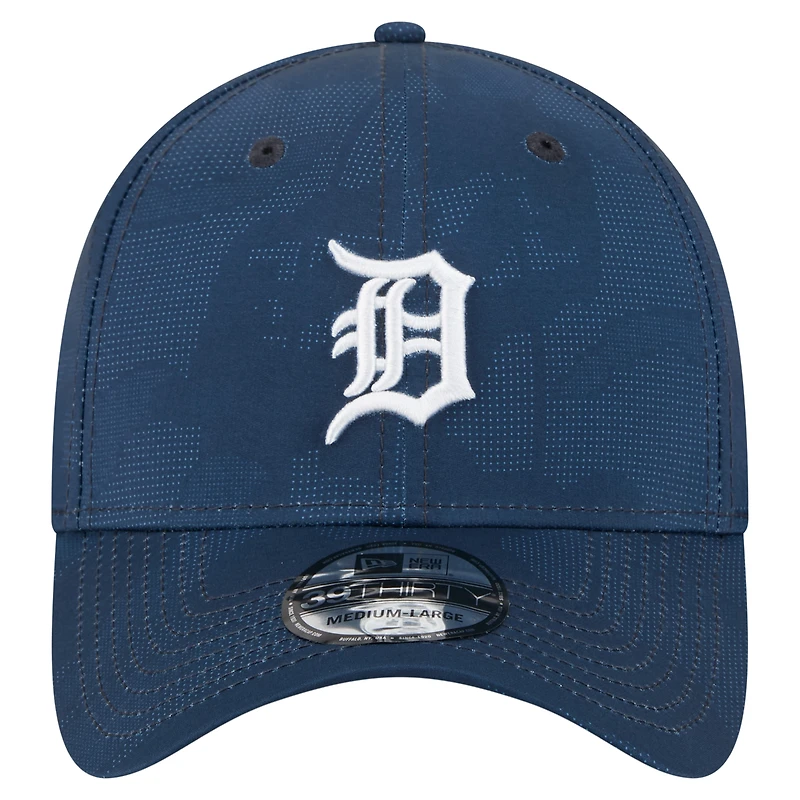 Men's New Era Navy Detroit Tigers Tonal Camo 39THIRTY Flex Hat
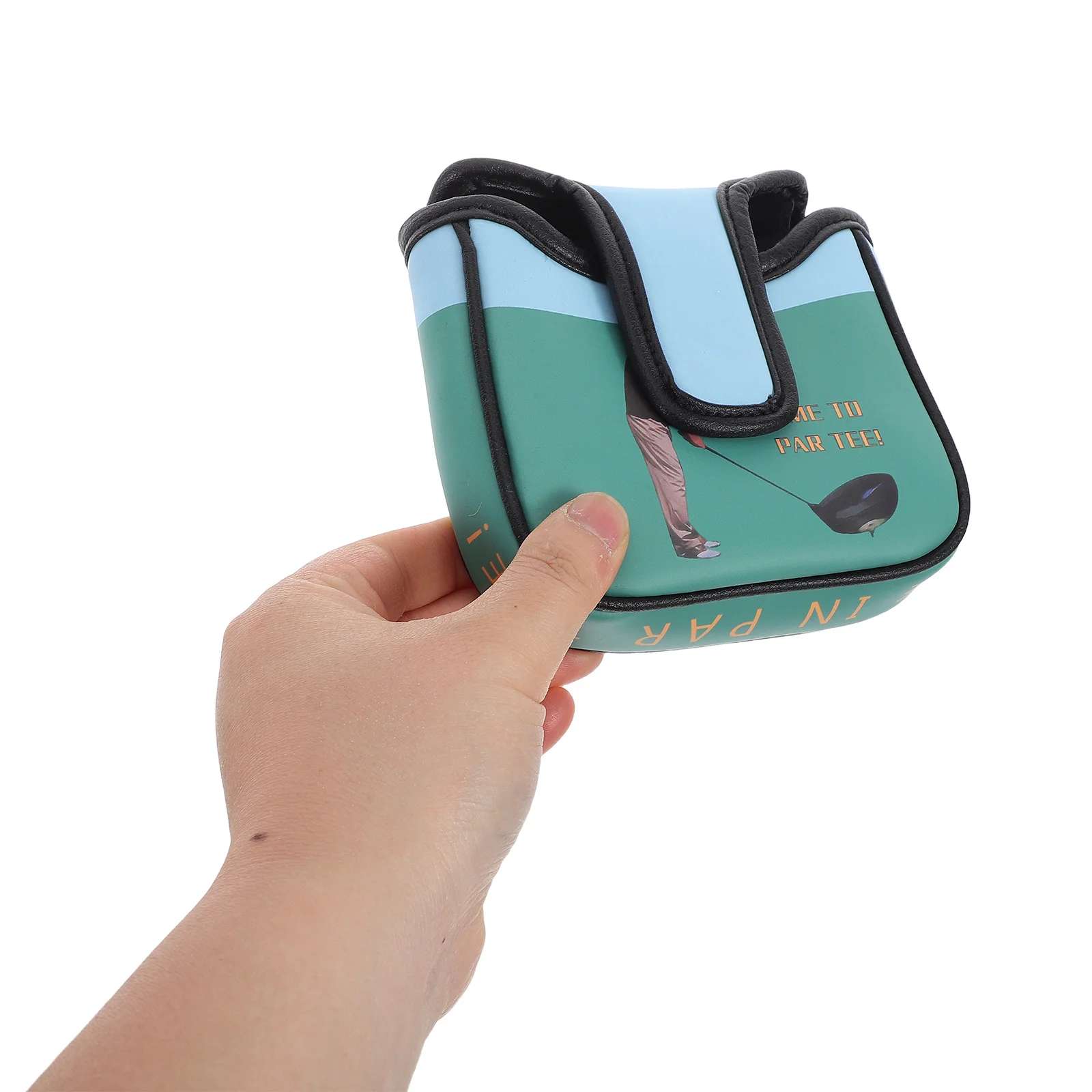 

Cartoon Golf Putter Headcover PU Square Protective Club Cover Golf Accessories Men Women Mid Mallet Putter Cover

- - - -

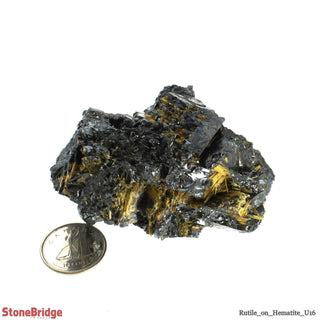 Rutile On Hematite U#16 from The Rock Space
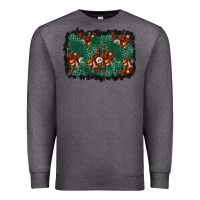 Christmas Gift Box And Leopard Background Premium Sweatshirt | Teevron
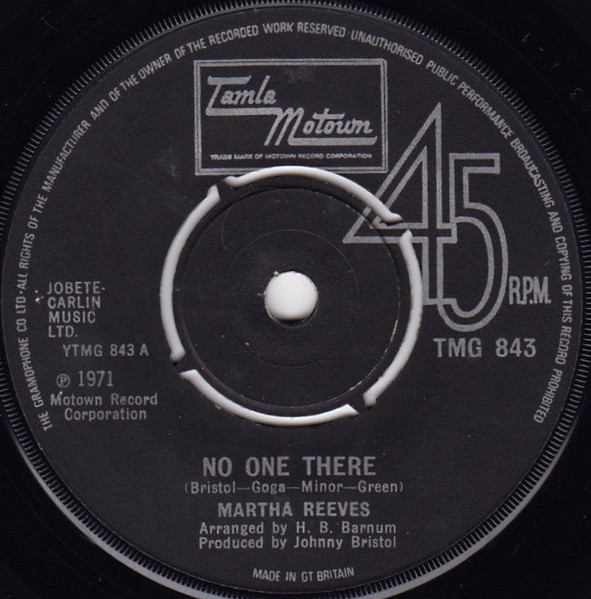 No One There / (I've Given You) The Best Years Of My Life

- - - -

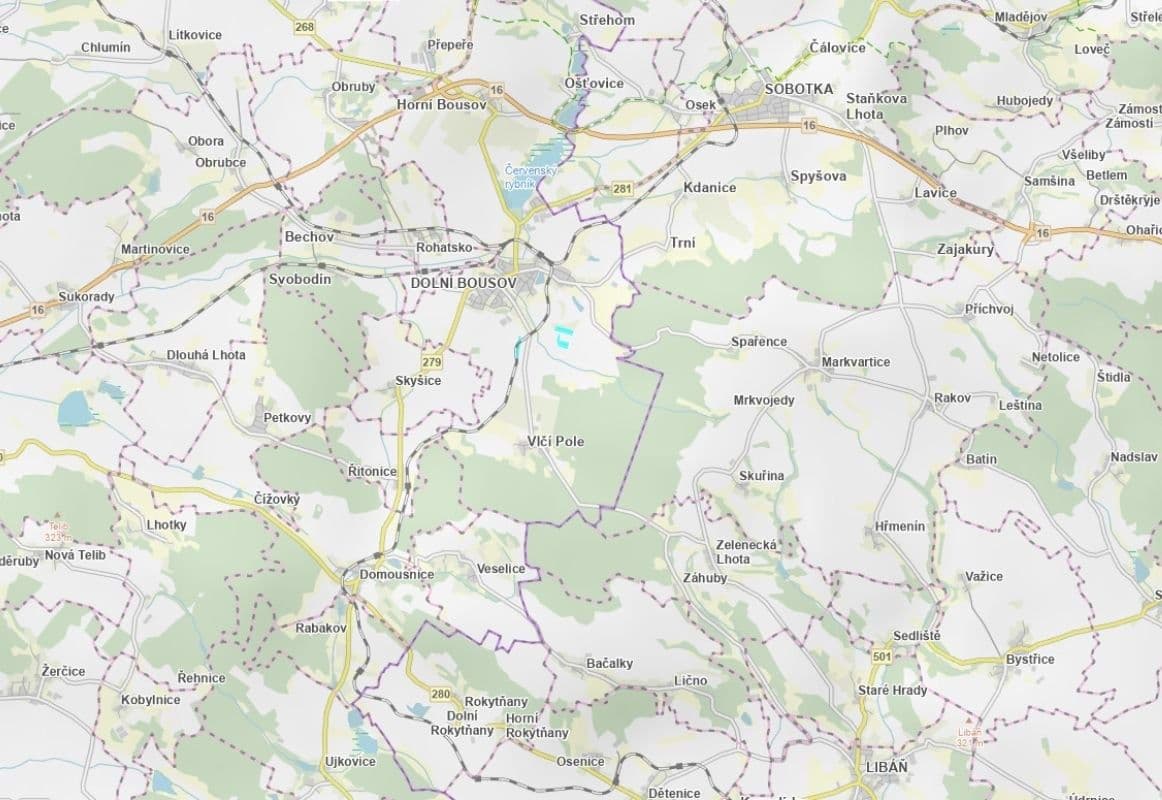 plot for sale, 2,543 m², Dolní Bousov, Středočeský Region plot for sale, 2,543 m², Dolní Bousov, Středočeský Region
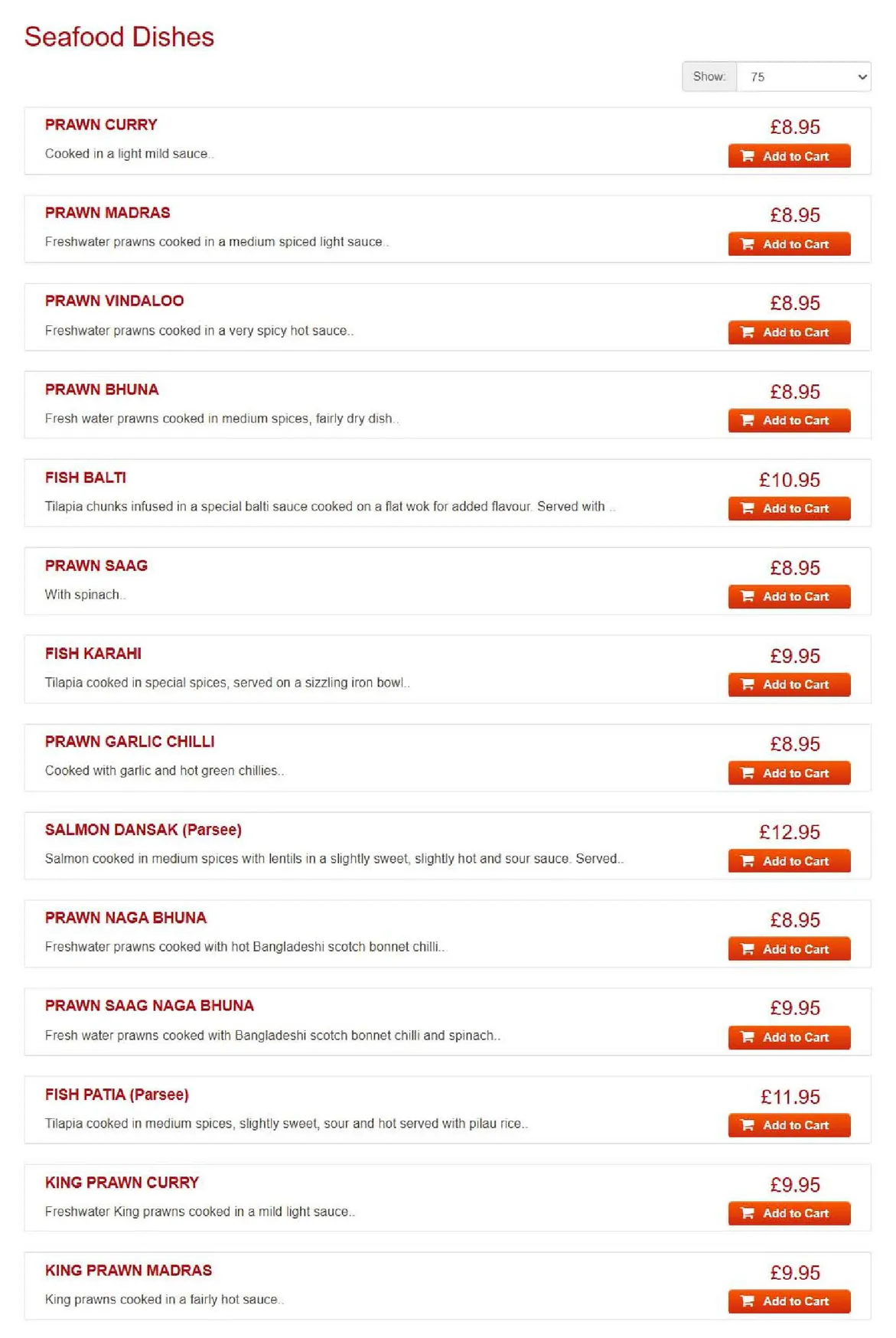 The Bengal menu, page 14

- - - -

**Directions:**
Reproduce the data above exactly, but only the lines from the one showing "Men's New Era" through the one showing "Cartoon Golf Putter", with both ends kept and the pictures left out.

**Result of the task:**
 Men's New Era Navy Detroit Tigers Tonal Camo 39THIRTY Flex Hat

Cartoon Golf Putter Headcover PU Square Protective Club Cover Golf Accessories Men Women Mid Mallet Putter Cover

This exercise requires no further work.